* _What the exercise asks_
Given the listing below, write out exactly the lines starting with the line that has "サマーコーディロイ・ショートパンツ｜カーキ" and going on through the line that has "22L Acier zingué", both kept.
Material provided section start
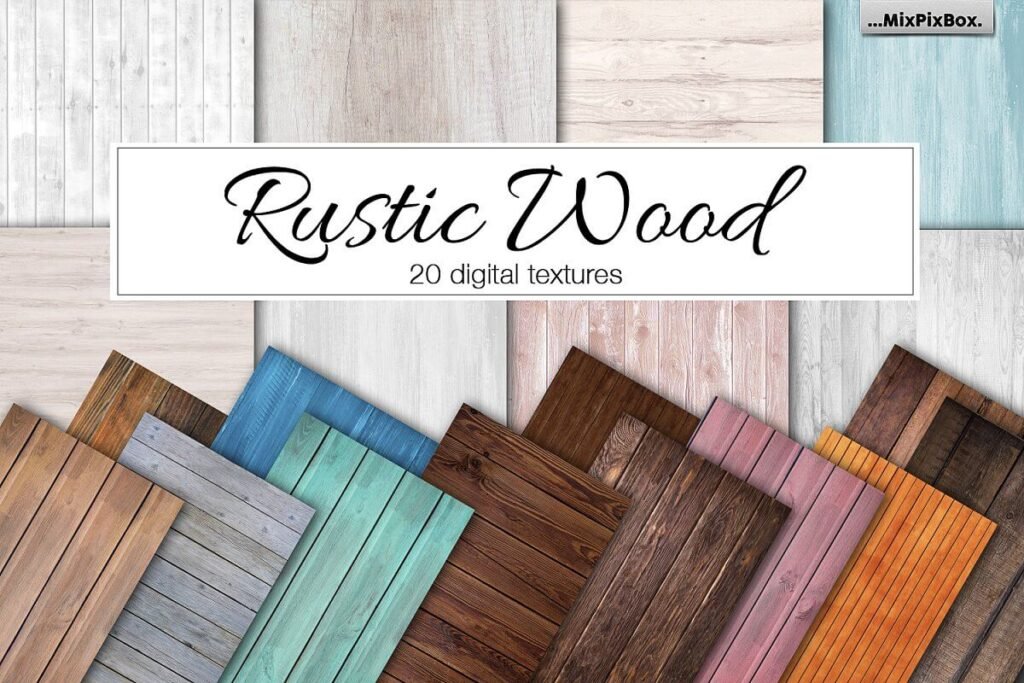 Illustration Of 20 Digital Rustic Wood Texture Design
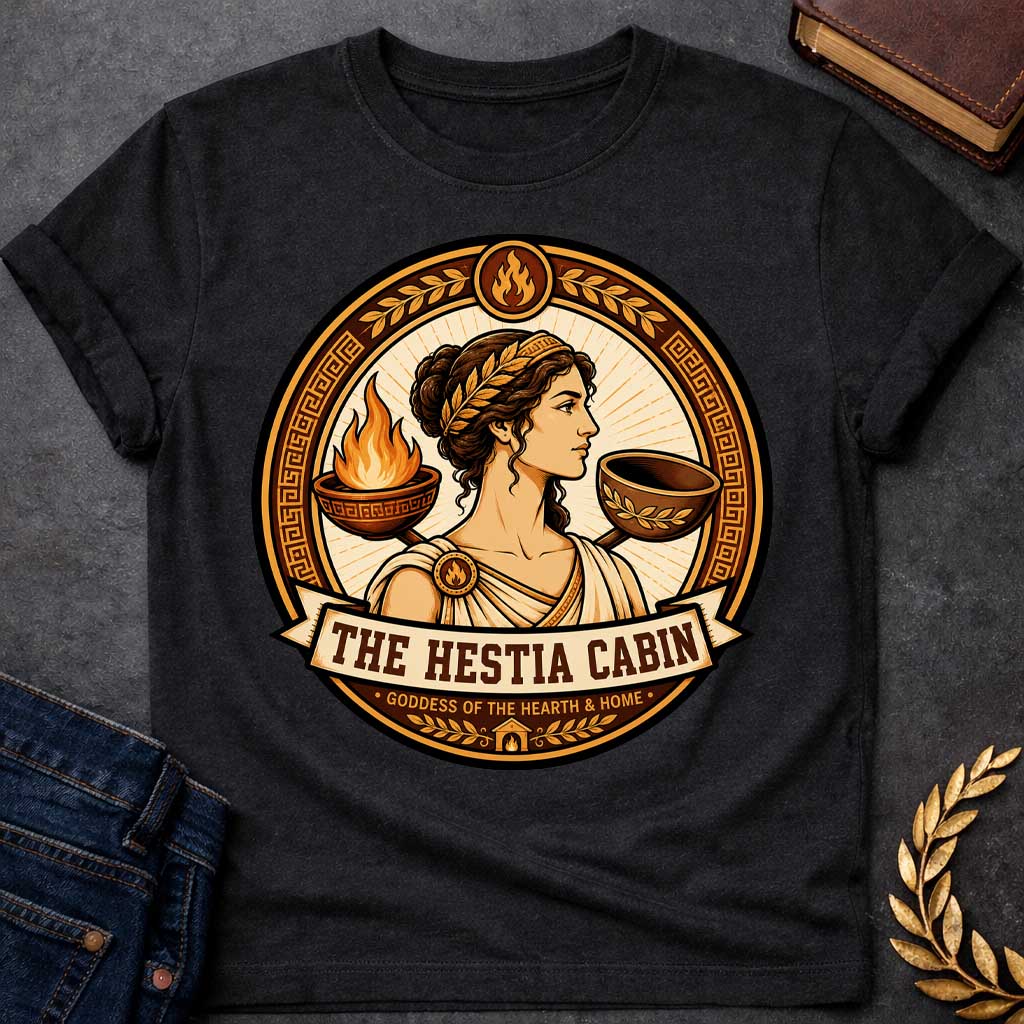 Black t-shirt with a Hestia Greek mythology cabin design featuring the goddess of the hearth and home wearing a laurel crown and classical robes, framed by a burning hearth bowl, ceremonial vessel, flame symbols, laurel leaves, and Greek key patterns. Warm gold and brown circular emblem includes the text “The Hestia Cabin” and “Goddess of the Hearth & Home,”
Material provided section end
Material provided section start
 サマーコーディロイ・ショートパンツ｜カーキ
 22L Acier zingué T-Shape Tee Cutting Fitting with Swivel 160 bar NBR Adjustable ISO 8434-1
Material provided section end
* _Solved problem_
 サマーコーディロイ・ショートパンツ｜カーキ
 22L Acier zingué T-Shape Tee Cutting Fitting with Swivel 160 bar NBR Adjustable ISO 8434-1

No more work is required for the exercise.